12 February 2017

Aim

  • The main goal of the Coursera Data Science Capstone is the creation of a text predictive application.
  • Trough the course of the project we explored summary statistics for the data, we did exploratory analysis of the data and explored a variety of R packages like NLP, TM, RWeka etc. to help us build the prediction algorithm.
  • We named our app J.A.R.V.I.S. (Just A Rather Very Intelligent System)

Acknowledgments

  • Also, I want to thank all our teachers and all the fellow learners for their contribution through all these courses. I really enjoyed this educational journey and I learned a lot about Data science.

The process

  • The data used in this project came from a corpus called HC Corpora www.corpora.heliohost.org

  • Due to the size of data we decided to work with a sample from the corpus.

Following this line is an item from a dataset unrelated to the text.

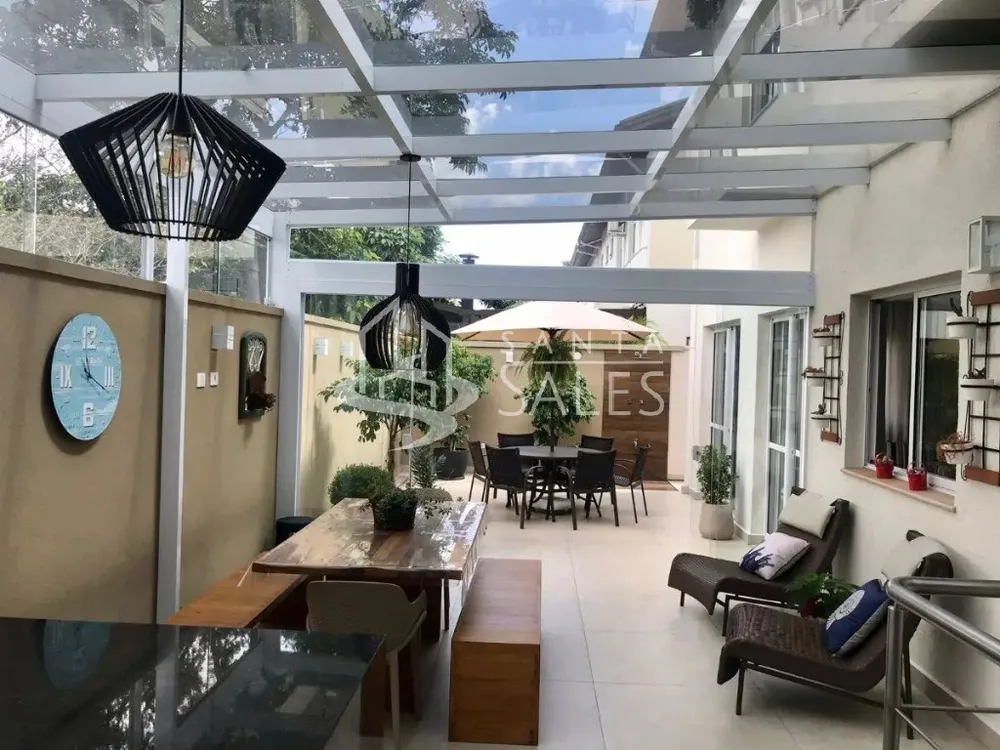Casa de Condomínio, 6 quartos - Foto 2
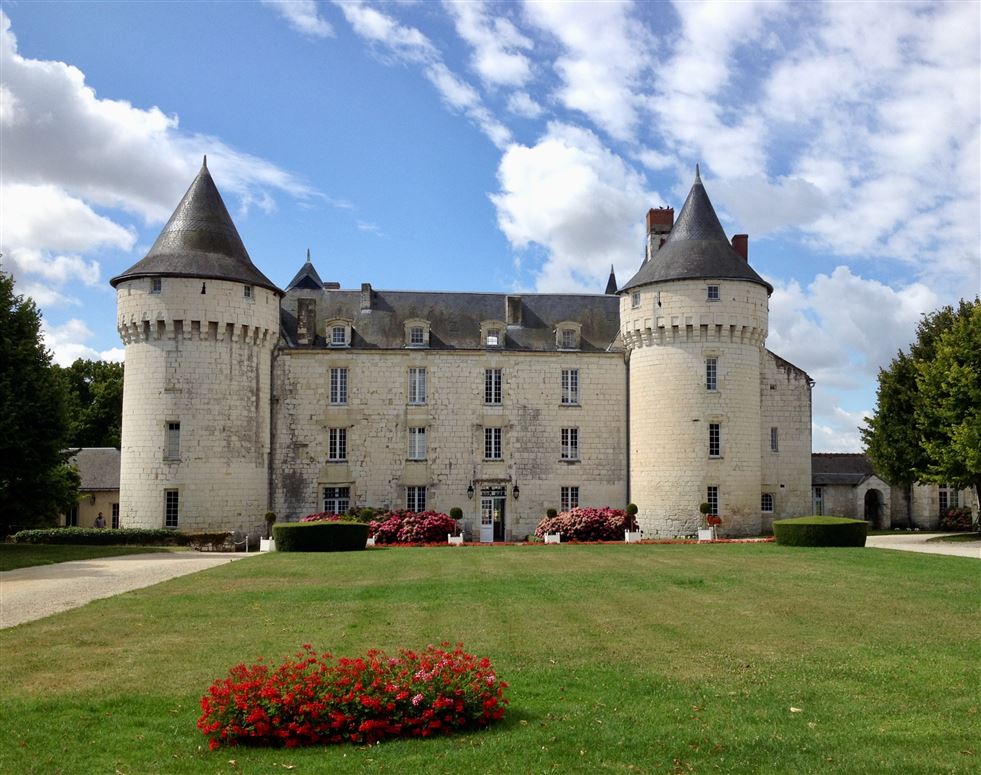 Loire Valley Delight,Marçay,Centre-Val de Loire,France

  • We removed: punctuation, numbers, stopwords (a, and, also, the, etc), profanity words (we used a txt file that contains most of the profanity words in EN language), common word endings ( “ing”, “es”, “s”) also we converted all characters to lower case and stripped the unnecessary whitespace

Modelling

  • The base of our algorithm was the n-gram model
    An n-gram model is a type of probabilistic language model for predicting the next item in such a sequence in the form of a (n − 1)–order Markov model. more on Wikipedia
  • we then created 1-gram, 2-gram, 3-gram and 4-gram tokenizers and their respective term document matrices
  • we then created data frames with the frequency (in an descending order) of each N-gram in our corpus that we used to make the predictions

The J.A.R.V.I.S. app

The app was designed with user-friendliness in mind and to be simple to use. The tools we used were R & Shiny

Instructions

  1. Writing a short English phrase inside the textbox
  2. Pressing the prediction button
  3. a predicted word is printed